Provided data:
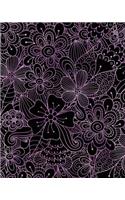 Bullet Journal Notebook Flower Pattern 7: 172 Numbered Pages with 160 Graph Style Grid Pages, 6 Index Pages and 2 Key Pages in Large 8 X 10 Size for Journaling, Writing, Planning or Doodling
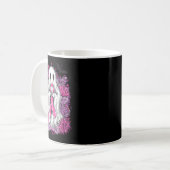 Ghost Ribbon Breast Cancer Awareness Halloween Flo Kaffeetasse (Vorderseite Links)
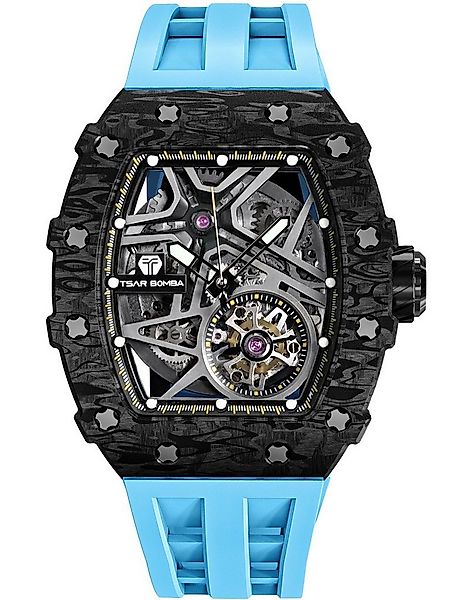 Tsar Bomba Automatikuhr Tsar Bomba TB8209CF-04 Herrenuhr Elementar Carbonfa günstig online kaufen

Activity: Copy the material above in full and exactly, skipping pictures.

Solution for this problem:
 Bullet Journal Notebook Flower Pattern 7: 172 Numbered Pages with 160 Graph Style Grid Pages, 6 Index Pages and 2 Key Pages in Large 8 X 10 Size for Journaling, Writing, Planning or Doodling
 Ghost Ribbon Breast Cancer Awareness Halloween Flo Kaffeetasse (Vorderseite Links)
 Tsar Bomba Automatikuhr Tsar Bomba TB8209CF-04 Herrenuhr Elementar Carbonfa günstig online kaufen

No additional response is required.